Core Data Structures#

Vector#

class pepflow.Vector(is_basis: bool, eval_expression: VectorRepresentation | VectorByBasisRepresentation | ZeroVector | None = None, tags: list[str] = NOTHING, math_expr: MathExpr = NOTHING)#

A Vector object represents an element of a vector space.

Examples include a point or a gradient.

Vector objects can be constructed as linear combinations of other Vector objects. Let a and b be some numeric data type. Let x and y be Vector objects. Then, we can form a new Vector object: a*x+b*y.

The inner product of two Vector objects can also be taken. Let x and y be Vector objects. Then, their inner product is x*y and returns a Scalar object.

Variables:
  • is_basis (bool) – True if this vector is not formed through a linear combination of other vectors. False otherwise.

  • tags (list[str]) – A list that contains tags that can be used to identify the Vector object. Tags should be unique.

  • math_expr (MathExpr) – A MathExpr object with a member variable that contains a mathematical expression represented as a string.

Example

>>> import pepflow as pf
>>> ctx = pf.PEPContext("ctx").set_as_current()
>>> x_0 = pf.Vector(is_basis=True).add_tag("x_0")

Note

Basis Vector objects should be defined using the constructor as shown in the example but composite Vector objects should be created using operations on Vector objects.

add_tag(tag: str) Vector#

Add a new tag for this Vector object.

Parameters:

tag (str) – The new tag to be added to the tags list.

Returns:

The instance itself.

eval(ctx: PEPContext | None = None, *, resolve_parameters: dict[str, Number | Number] | None = None, sympy_mode: bool = False) ndarray#

Return the concrete representation of this Vector.

Concrete representations of Vector objects are EvaluatedVector objects.

Parameters:
  • ctx (PEPContext | None) – The PEPContext object we consider. None if we consider the current global PEPContext object.

  • resolve_parameters (dict[str, NUMERICAL_TYPE] | None) – A dictionary that maps the name of parameters to the numerical values.

  • sympy_mode (bool) – If true, then the input should be defined completely in terms of SymPy objects and should not mix Python numeric objects. Will raise an error if sympy_mode is True and the input contains a Python numeric object. By default False.

Returns:

EvaluatedVector – The concrete representation of this Vector.

repr_by_basis(ctx: PEPContext | None = None, *, resolve_parameters: dict[str, Number | Number] | None = None, sympy_mode: bool = False) str#

Express this Vector object as the linear combination of the basis Vector objects of the given PEPContext.

This linear combination is expressed as a str where, to refer to the basis Vector objects, we use their tags.

Parameters:
  • ctx (PEPContext) – The PEPContext object whose basis Vector objects we consider.

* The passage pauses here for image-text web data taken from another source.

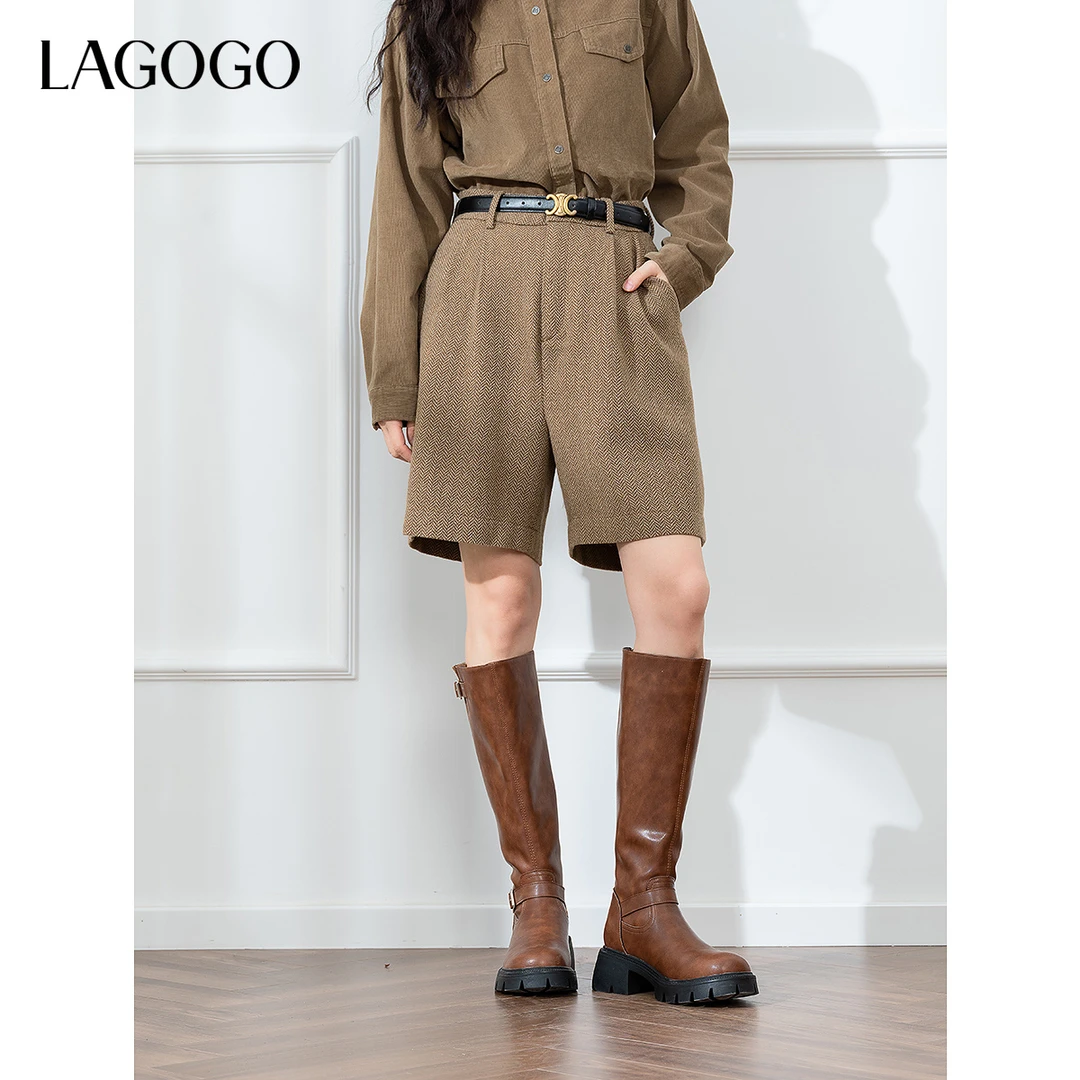 LAGOGO高腰显瘦巴恩风短裤女拉谷谷新款含羊毛五分裤NCKK239G16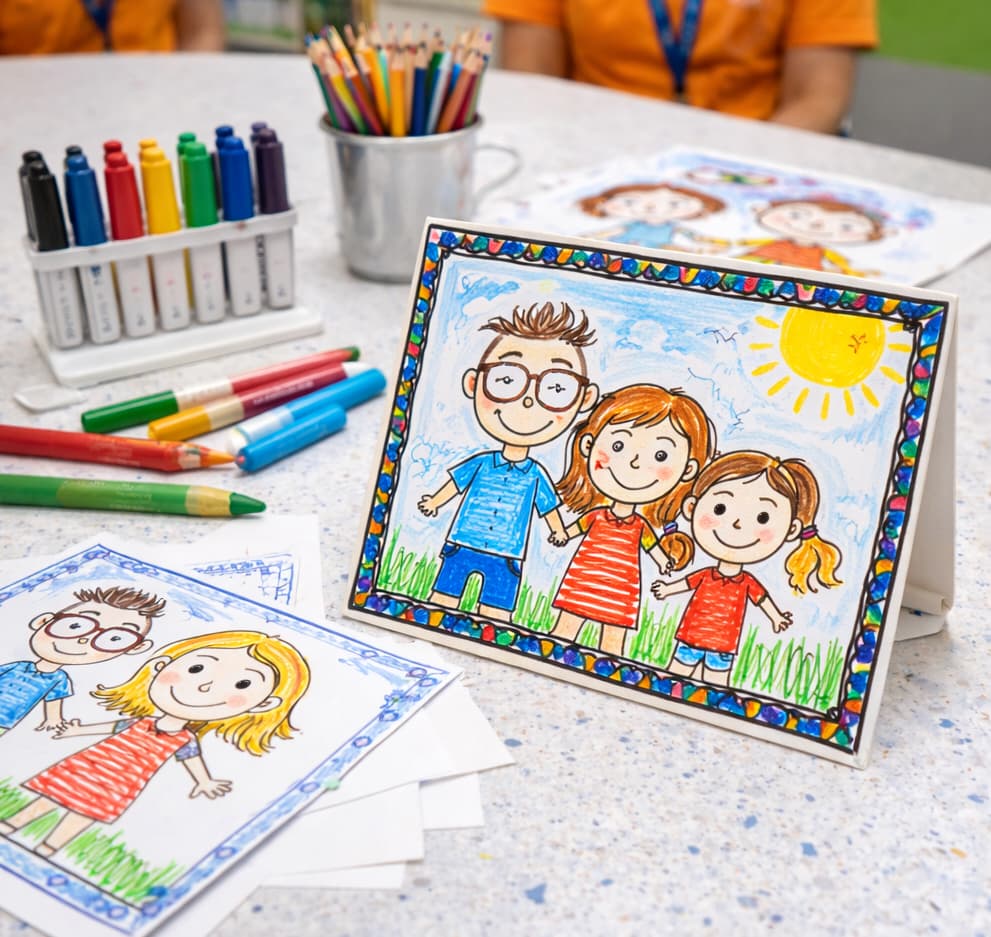 Spring Break Kids Craft: Family Portraits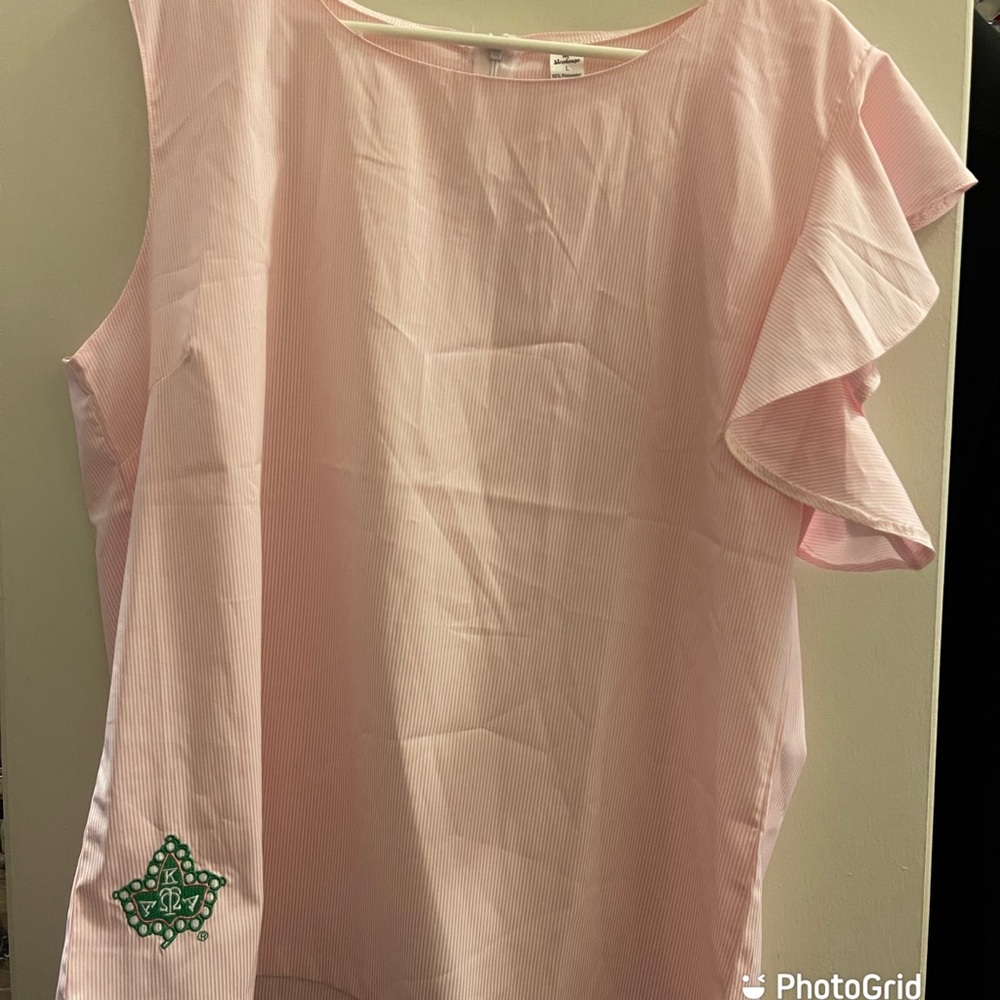 Alpha Kappa Alpha Ivy Storehouse 1 Shoulder Flutter Sleeve Blouse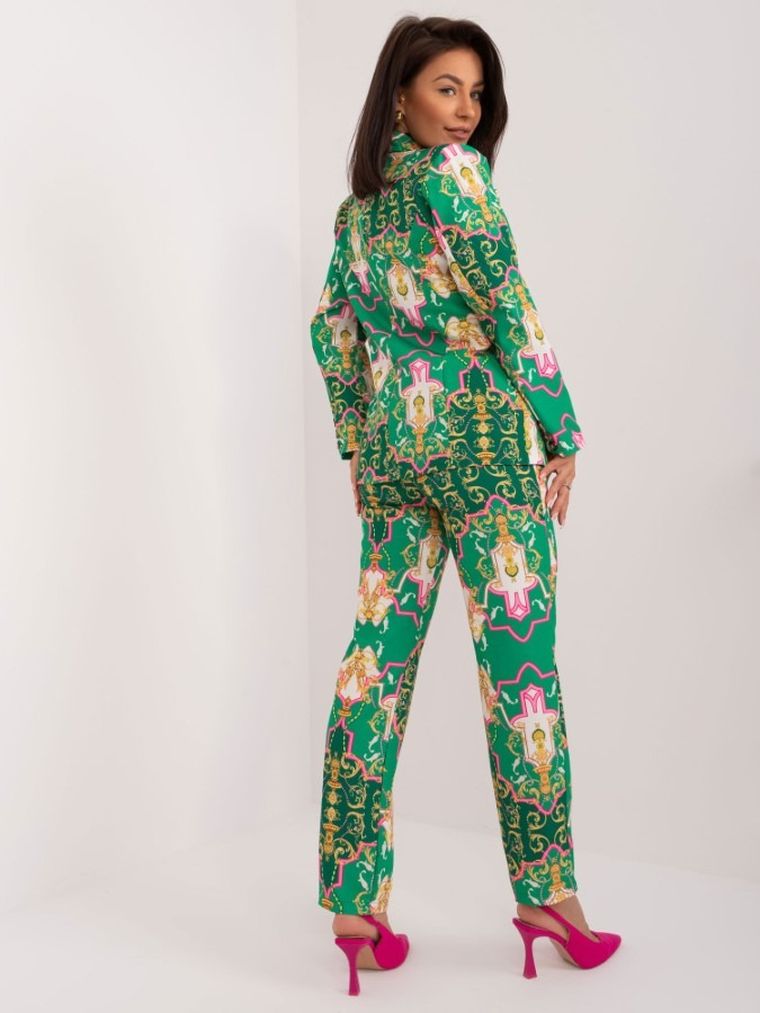 Komplet damski, Marynarka, Spodnie materiałowe, zielony, Italy Moda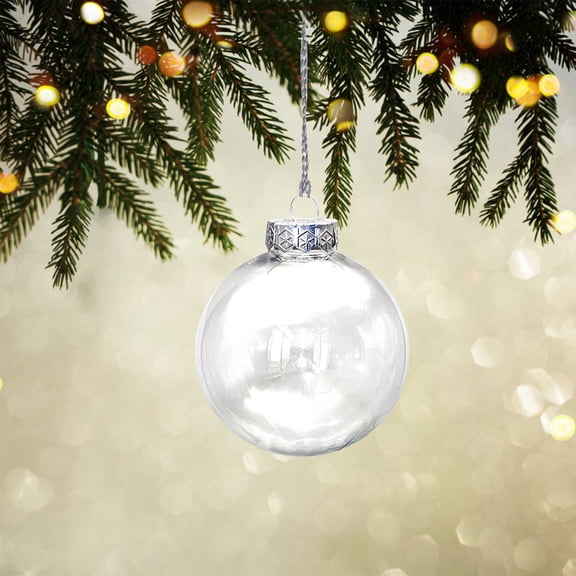 Summercome Paintable Clear Plastic Christmas Ball Ornaments, 100mm (3.93 inches) 1 Pcs, Perfect for Crafts Fillable, Round DIY Empty Glass Disc Decorations Ball, Ideal to Paint for Crafting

None if we consider the current global PEPContext object.

  • resolve_parameters (dict[str, NUMERICAL_TYPE] | None) – A dictionary that maps the name of parameters to the numerical values.

  • sympy_mode (bool) – If true, then the input should be defined completely in terms of SymPy objects and should not mix Python numeric objects. Will raise an error if sympy_mode is True and the input contains a Python numeric object. By default False.

Returns:

str – The representation of this Vector object in terms of the basis Vector objects of the given PEPContext.

simplify(tag: str | None = None) Vector#

Simplify the mathematical expression of this Vector object.

Returns:

Vector – A new Vector object with the simplified mathematical expression.

property tag#

Returns the most recently added tag.

Returns:

str – The most recently added tag of this Vector object.

static zero() Vector#

A static method that returns a Vector object that corresponds to zero.

Returns:

Vector – A zero Vector object.

class pepflow.EvaluatedVector(coords: ndarray)#

The concrete representation of the abstract Vector.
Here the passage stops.